I don't know exactly how late would be the end date for the last migratory fish to leave. But I know for myself personally, I've caught them through mid to late November, not consistent bites, but definitely fish. And these are fish that are ... I'm fishing the beaches. I'm fishing boulder fields. I'm not near rivers or back bays or estuaries or anything where the classic holdover bite would be. So I'm fairly confident that these are still migratory sea run fish, and some of them still hang around later in the season than a lot of guys think. At that point, a lot of people switch over to dunking shiners in the ponds for large mouth or fishing for trout, but I do love the surf and I'll still occasionally put in my time later in the season to just try to catch the last of the migratory fish.
Now, I asked you for some pointers on the canal for folks that may be looking to take a stab at it this fall. Could you also provide some pointers for folks that are looking to fish from the beach instead this fall?
For me, I try to go into it with a big fish mentality when I'm fishing the fall run. There's a lot of big fish around and a lot of times people get caught up targeting those easy schooly bites. You'll see lots of fish splits and rain bait. You'll fish a lot of daytime bites with smaller fish on the surface. And I really try to get into those bigger fish after dark. I go with heavier tackle, like I said, sometimes bigger plugs, bigger jigs, and I throw a lot of live eels in the fall. And I really find that that culls out some of the best fish of the season for me. I'm not saying I don't love throwing, say, a tin or a popper at blitzing fish during the daytime bite, but when I want those consistent, bigger fish later in the season, I try to fish those night bites, go into it with the right mentality, looking for that one fish rather than all the fish and just putting in the time.
Tell us a little bit about what your plans are for this fall. You going to get the chance to come back and do some fishing?
I really hope so. I'm still in Virginia right now with the Navy, but as soon as I can. Obviously COVID has kind of disrupted travel and disrupted some of my plans right now. But as soon as I can, I'm going to be back home. And whether that means I catch the fall run, which I would love, or if that means that I get home later in the season and I fish for holdovers or I fish for trout or bass or pickerel, it doesn't really matter to me. I'll be on the water in some way, and hopefully I'll be catching some fish, but that's second to just getting out on the water and spending some time back home on Cape Cod.
Well, I certainly hope for your sake you get a chance to get back here in September, October, and have a chance to experience some of that fall run. I can tell the passion in your voice how bad you want to be back here. We'll be praying you make it back in time.
Thank you. I really appreciate that.
And thank you for joining us on today's podcast, Calvan. I really appreciate your time and your willingness to share some of your experiences and share some of your knowledge and advice with the members. Anything else you'd like to say to the members before we let you go?
I'd just like to say that it's a great community at My Fishing Cape Cod and I really appreciate the opportunity to come on today and to speak a little bit and share a little bit of what's worked for me. Happy to contribute, happy to be a member here and I'm thankful for the forum and I'm thankful for the platform. It's an awesome kind of community that's been built here.

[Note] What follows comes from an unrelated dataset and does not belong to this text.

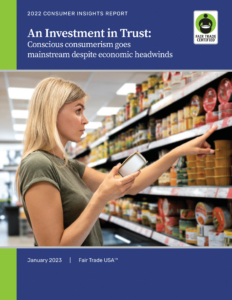 La foto de portada del Informe de Perspectivas del Consumidor 2022 de Fair Trade USA que muestra a una mujer shopper mirando una estantería de productos y comparando precios.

And for those of you that may want to connect with Calvan either to maybe go fishing when he makes his way back here in the fall or later on in the winter or those of you that may have questions that kind of spring up from today's podcast, feel free to reach out to him directly in the forum. He's very responsive and you're a very active guy in there, Calvan.
Absolutely. I like to share a little bit of what's worked for me and kind of give back because a lot of people have helped me over the years and really helped get my foot in the door and get me started when I was just learning to fish the canal and fish the beaches.

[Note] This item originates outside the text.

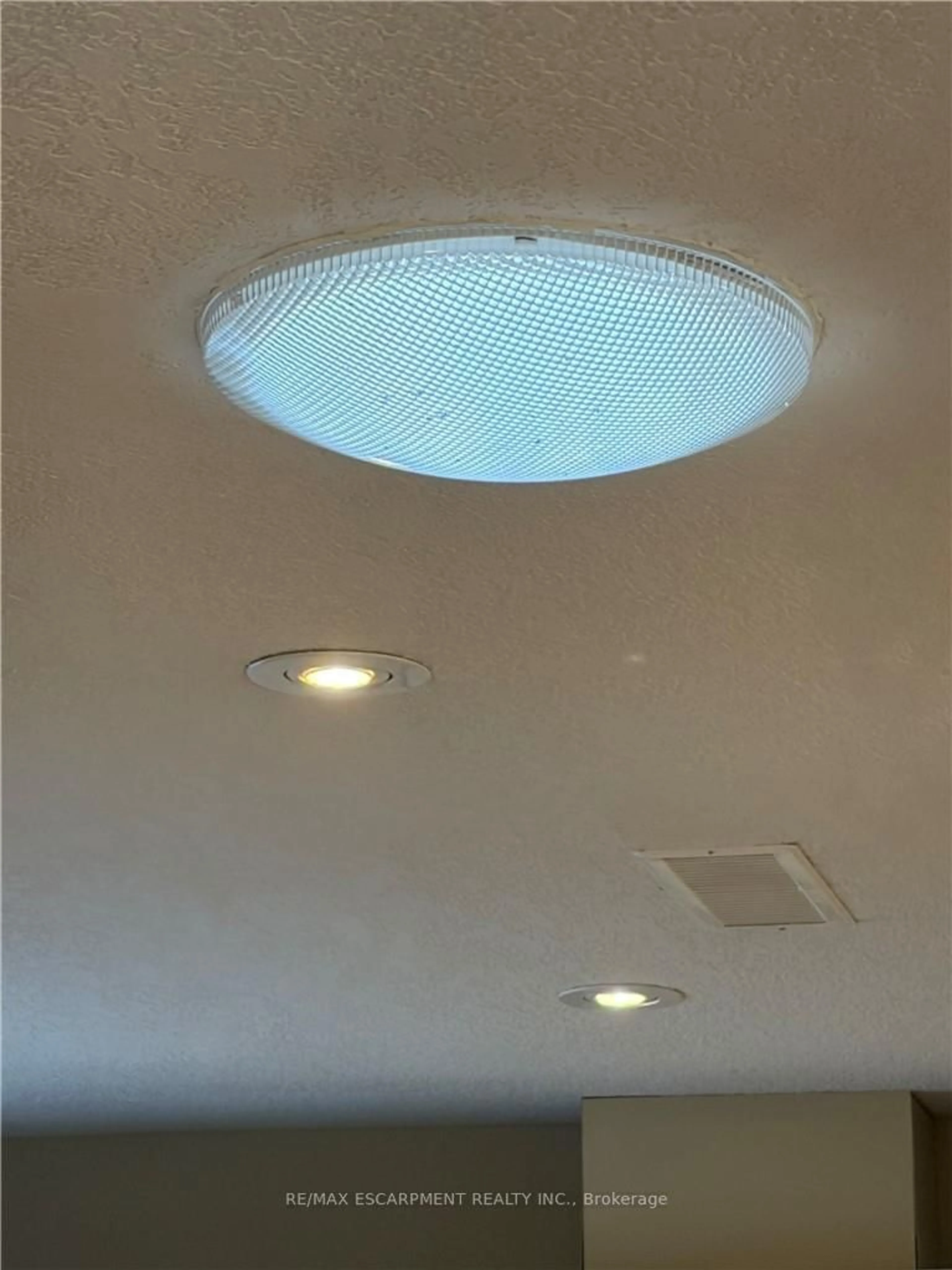 A pic of a room for 5 Jaczenko Terr, Hamilton Ontario L9B 1T8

All right, Calvan, we'll let you go. We really appreciate you taking all this time out of your busy schedule to visit with us on this edition of the My Fishing Cape Cod Chronicles.
Thank you very much.
And once again, that's Calvan Toran Sandlin and as he mentioned, a proud member of the United States Navy serving currently down in Virginia. And we thank Calvan not only for his visit in sharing all of the knowledge and expertise on surf casting the Cape, but we also thank him for his service in the US Navy and we hope he gets home safely soon to get a chance to fish around the greater Falmouth area, which he will always call home.

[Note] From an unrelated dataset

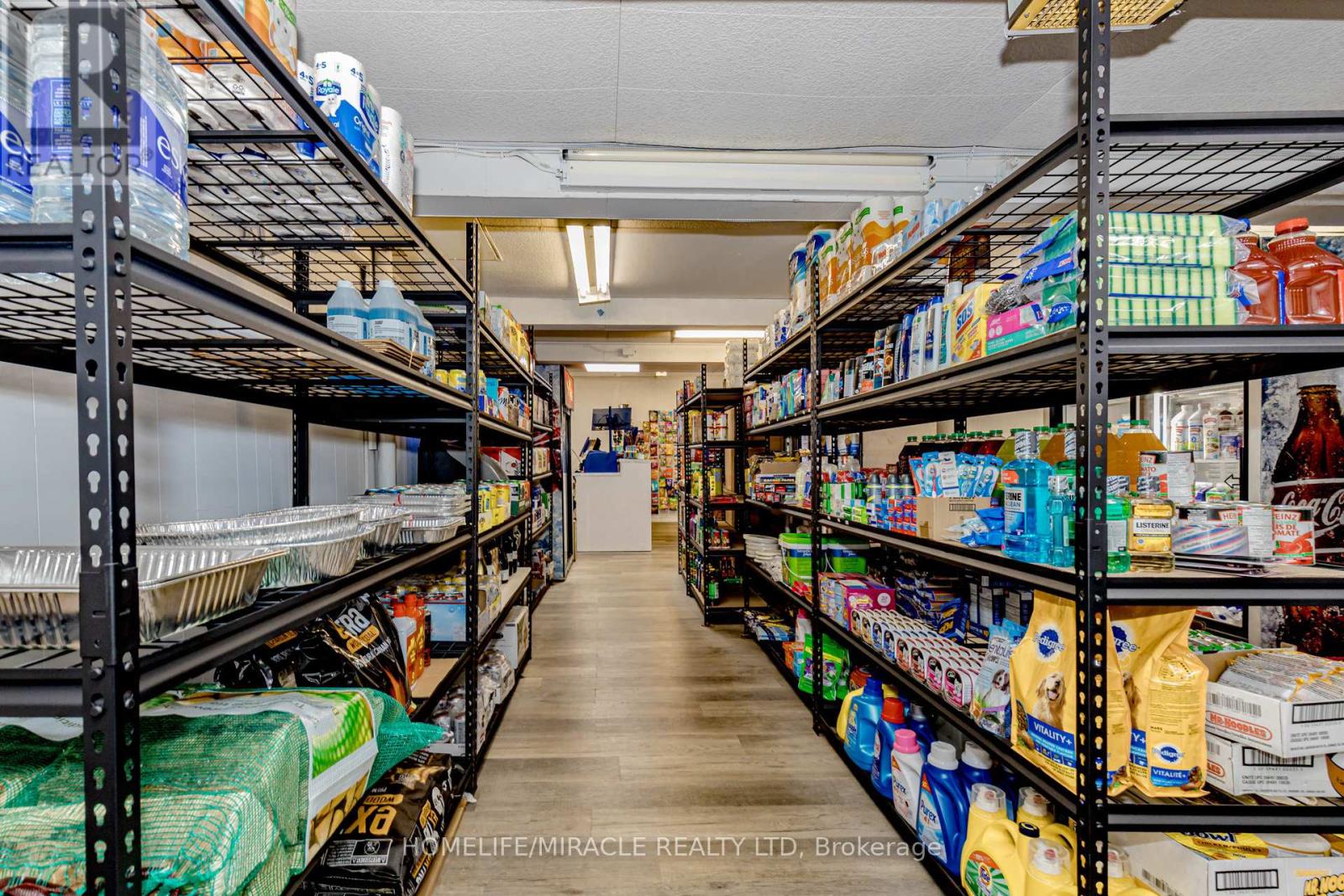 Photo 13 of 136 Cooper Street, Cambridge ON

That's going to put the wraps on today's edition of the My Fishing Cape Cod Chronicles podcast. I want to thank our guest, Calvan Toran Sandlin. And again, you can reach out to Calvan directly in the MFCC forum. His profile is under sandbar1, S-A-N-D-B-A-R-1, and his cover photo is a great picture of a shark that he caught from shore. Don't be bashful. Reach out to Calvan if you have any questions on what we talked about in today's podcast, or as he mentioned, if you just want to connect to go fishing once he gets home. Thanks to Calvan for joining us and thanks to you for tuning in to this episode of the My Fishing Cape Cod Chronicles. This is your host, Kevin Collins, and until we meet again, tight lines and take care.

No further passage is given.